Aim of the exercise — Produce a verbatim transcript of the entries below, excluding pictures.
═════ Exercise data
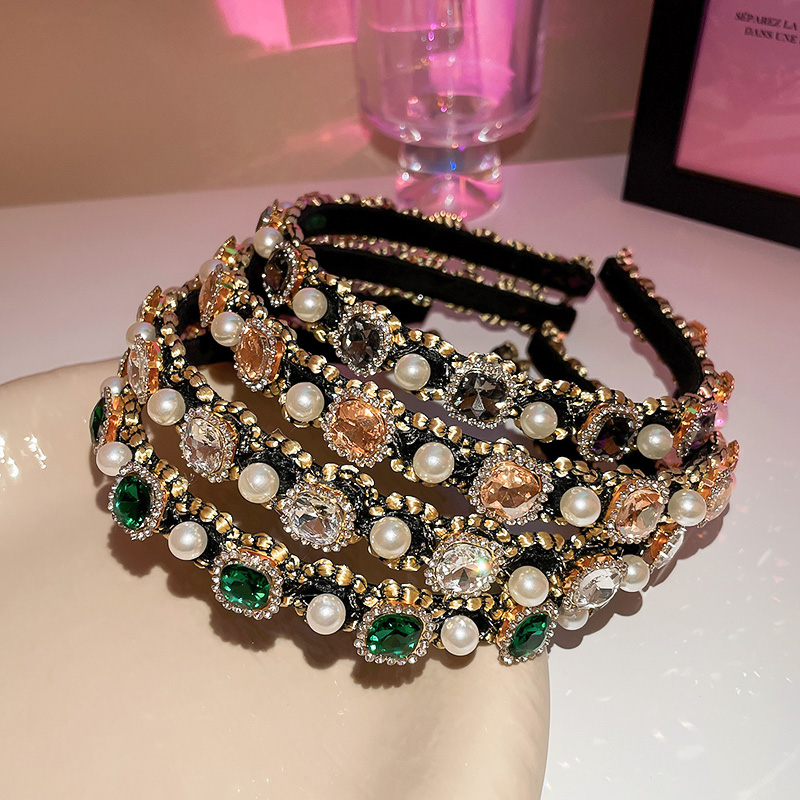 Serre-têtes de luxe brillants entièrement ornés de strass, bandeaux imitation perles, accessoires de coiffure pour femmes, bijoux pour fêtes et mariages K-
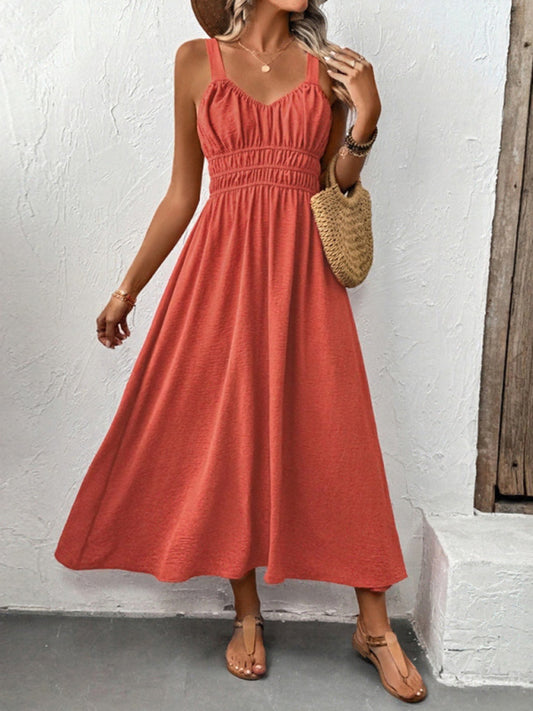 Sleeveless Strapless Casual Pleated Dress-TOPS / DRESSES-[Adult]-[Female]-Dark Red-S-2022 Online Blue Zone Planet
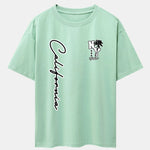 New York California Palm Tree Print Drop Shoulder Oversize T-Shirt
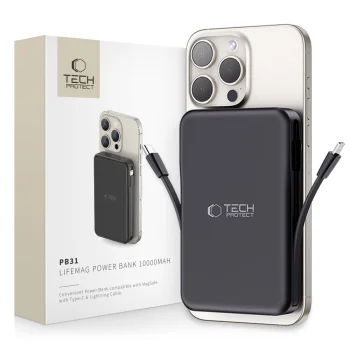 Tech-Protect LifeMag PB31 MagSafe ārējais akumulators 10000mAh 15W, melns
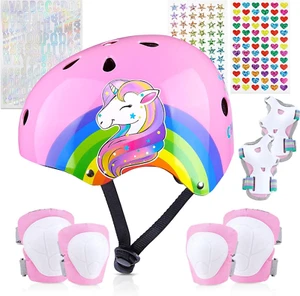 Kids Bike Helmet, Kids Helmets Ages 5-8 with DIY Stickers Kids Knee Pads and Elb - Picture 1 of 16
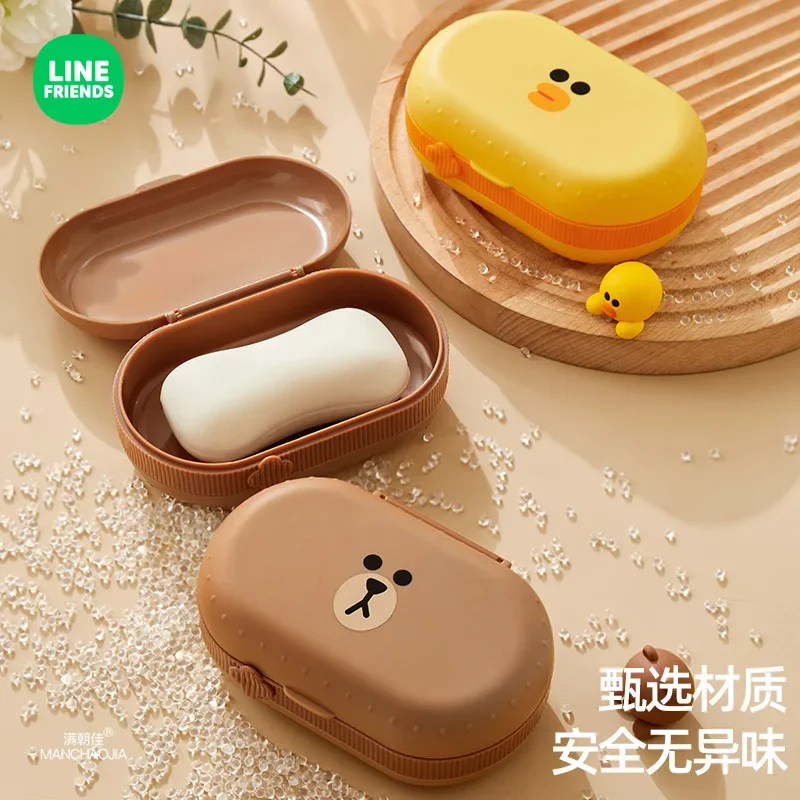 LINE FRIENDS Brown Soap Box Anime Kawaii Cony with Lid Drain Portable Cute Cartoon Household Student Dormitory Bathroom Soap Box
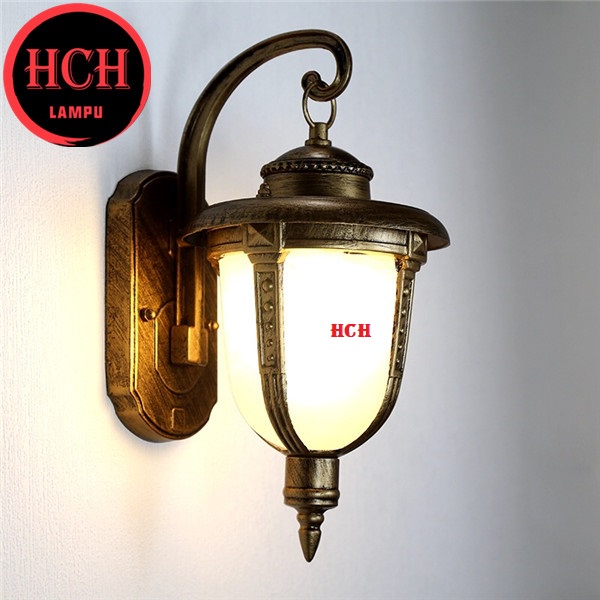 HCH Modern Outdoor Wall Light Marble Glass Weatherproof Antique Brass Outdoor Wall Lamp Lampu Hiasan Dinding (5031-AB-S)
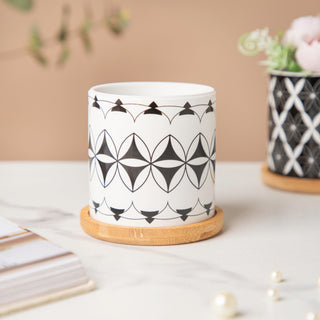 Twyla Magic Black White Planter With Wooden Coaster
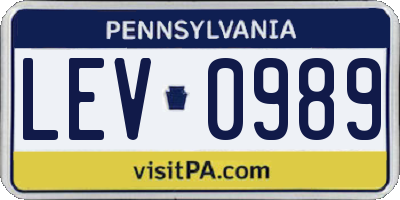 PA license plate LEV0989
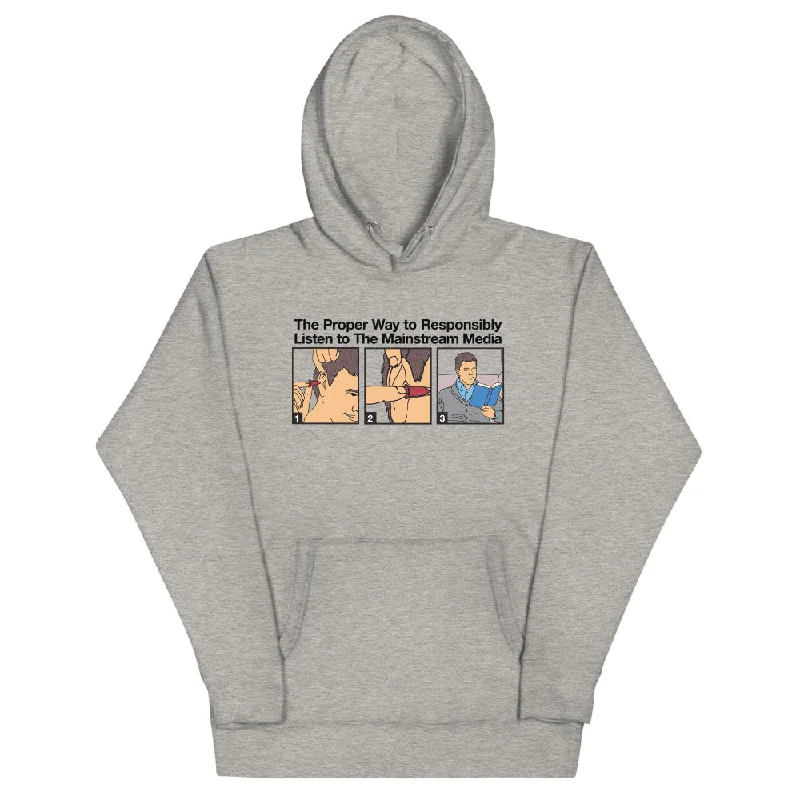 The Proper Way to Responsibly Listen To The Mainstream Media Unisex Hoodie Hoodie with Rhinestones Sparkly Elegant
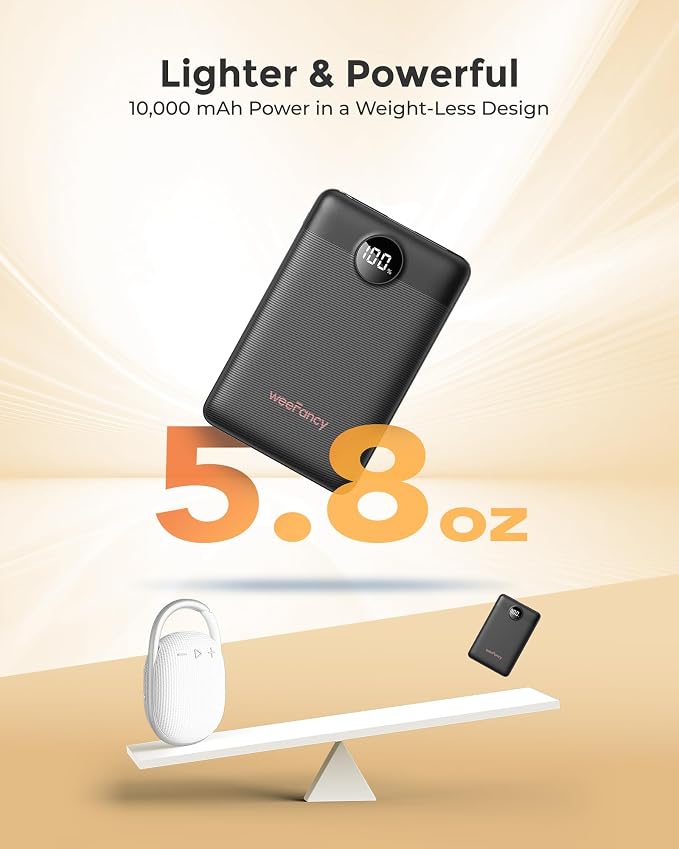 Ultra-Thin Mini Portable Charger 10000mAh & Rechargeable Electric Hand Warmers 2 Packs Gifts Set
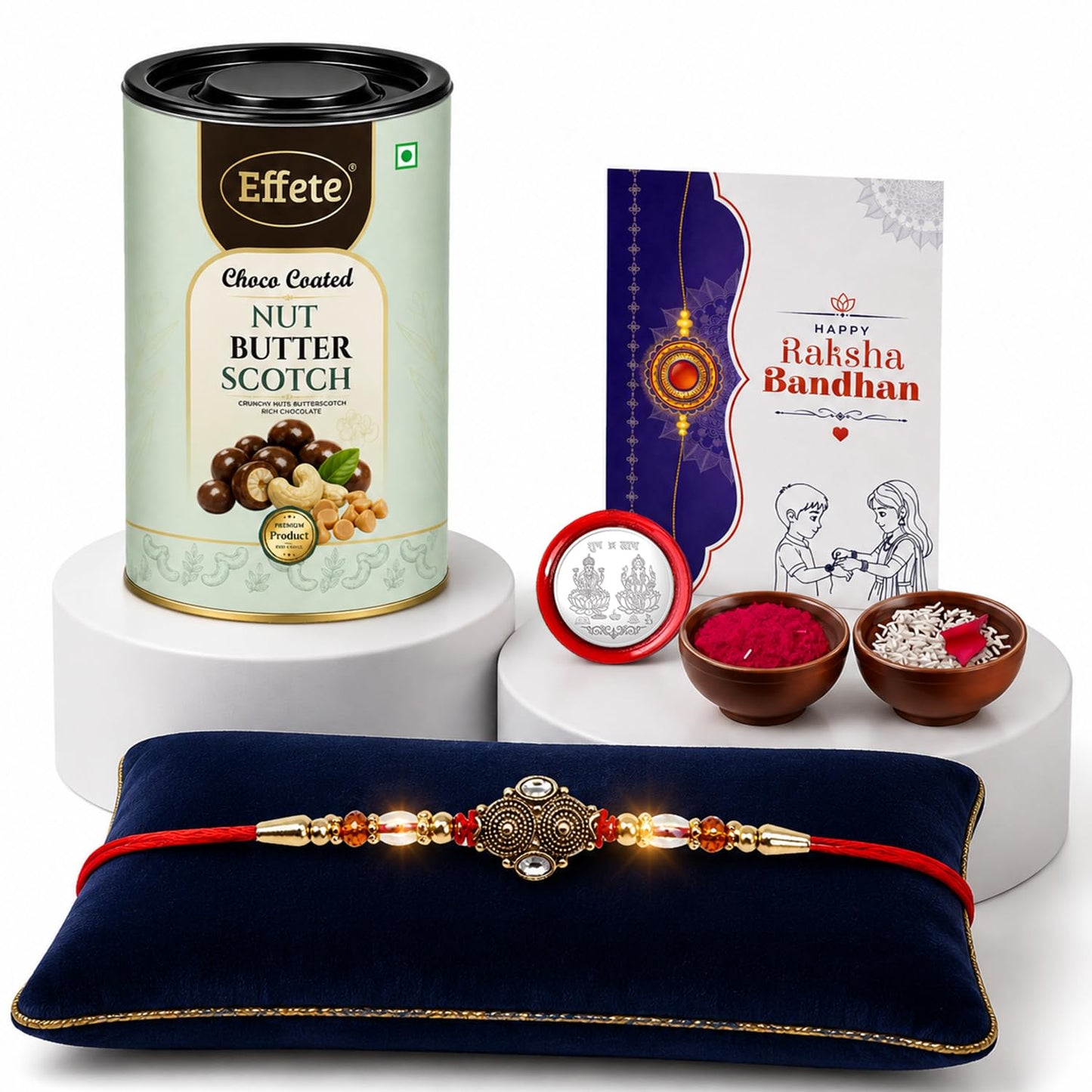 Antique Rakhi for Brother with Butter Scotch 96gm, Roli Tikka & Card, Pack of 5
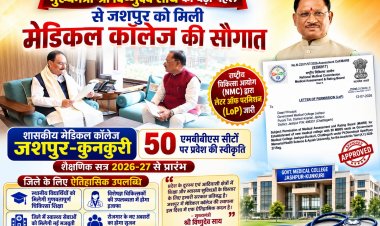 मुख्यमंत्री विष्णुदेव साय की पहल रंग लाई, जशपुर को मिली मेडिकल कॉलेज की ऐतिहासिक सौगात ,,, जशपुर के युवाओं का डॉक्टर बनने का सपना अब जिले में ही होगा पूरा, मेडिकल कॉलेज को मिली मंजूरी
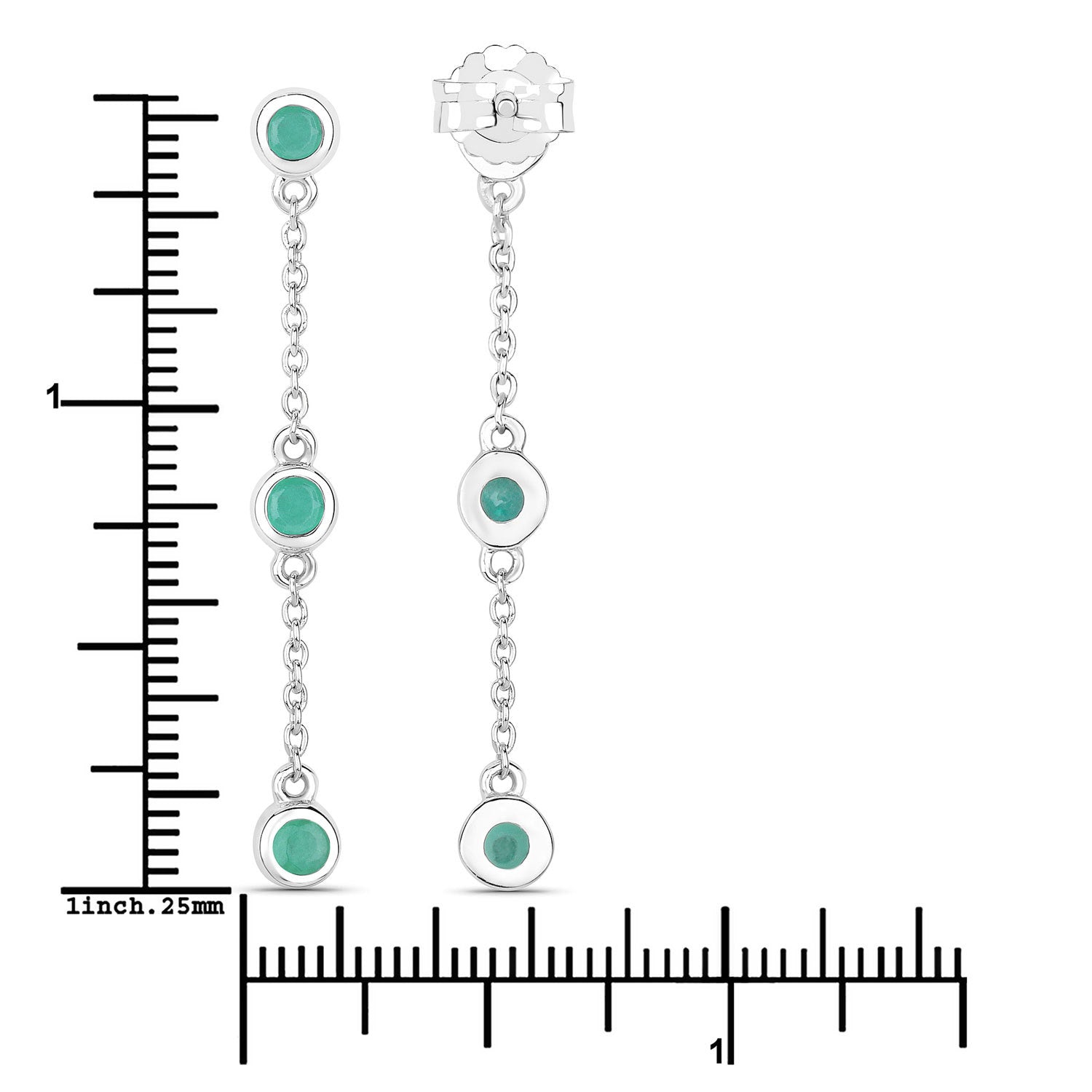0.60 Carat Genuine Emerald .925 Sterling Silver Earrings by Bids.com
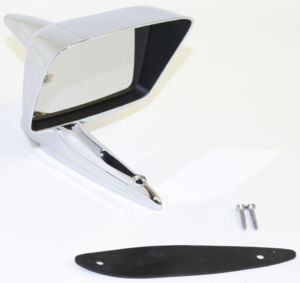 Rear View Mirror - Exterior - Hooded Outside Rear View Mirror W/  Rubber Gasket and Hardware. '56-59 Fairlane, '58-64 Galaxie Photo Main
══════════
Output for this task —
 Serre-têtes de luxe brillants entièrement ornés de strass, bandeaux imitation perles, accessoires de coiffure pour femmes, bijoux pour fêtes et mariages K-
 Sleeveless Strapless Casual Pleated Dress-TOPS / DRESSES-[Adult]-[Female]-Dark Red-S-2022 Online Blue Zone Planet
 New York California Palm Tree Print Drop Shoulder Oversize T-Shirt
 Tech-Protect LifeMag PB31 MagSafe ārējais akumulators 10000mAh 15W, melns
 Kids Bike Helmet, Kids Helmets Ages 5-8 with DIY Stickers Kids Knee Pads and Elb - Picture 1 of 16
 LINE FRIENDS Brown Soap Box Anime Kawaii Cony with Lid Drain Portable Cute Cartoon Household Student Dormitory Bathroom Soap Box
 HCH Modern Outdoor Wall Light Marble Glass Weatherproof Antique Brass Outdoor Wall Lamp Lampu Hiasan Dinding (5031-AB-S)
 Twyla Magic Black White Planter With Wooden Coaster
 PA license plate LEV0989
 The Proper Way to Responsibly Listen To The Mainstream Media Unisex Hoodie Hoodie with Rhinestones Sparkly Elegant
 Ultra-Thin Mini Portable Charger 10000mAh & Rechargeable Electric Hand Warmers 2 Packs Gifts Set
 Antique Rakhi for Brother with Butter Scotch 96gm, Roli Tikka & Card, Pack of 5
 मुख्यमंत्री विष्णुदेव साय की पहल रंग लाई, जशपुर को मिली मेडिकल कॉलेज की ऐतिहासिक सौगात ,,, जशपुर के युवाओं का डॉक्टर बनने का सपना अब जिले में ही होगा पूरा, मेडिकल कॉलेज को मिली मंजूरी
0.60 Carat Genuine Emerald .925 Sterling Silver Earrings by Bids.com
 Rear View Mirror - Exterior - Hooded Outside Rear View Mirror W/  Rubber Gasket and Hardware. '56-59 Fairlane, '58-64 Galaxie Photo Main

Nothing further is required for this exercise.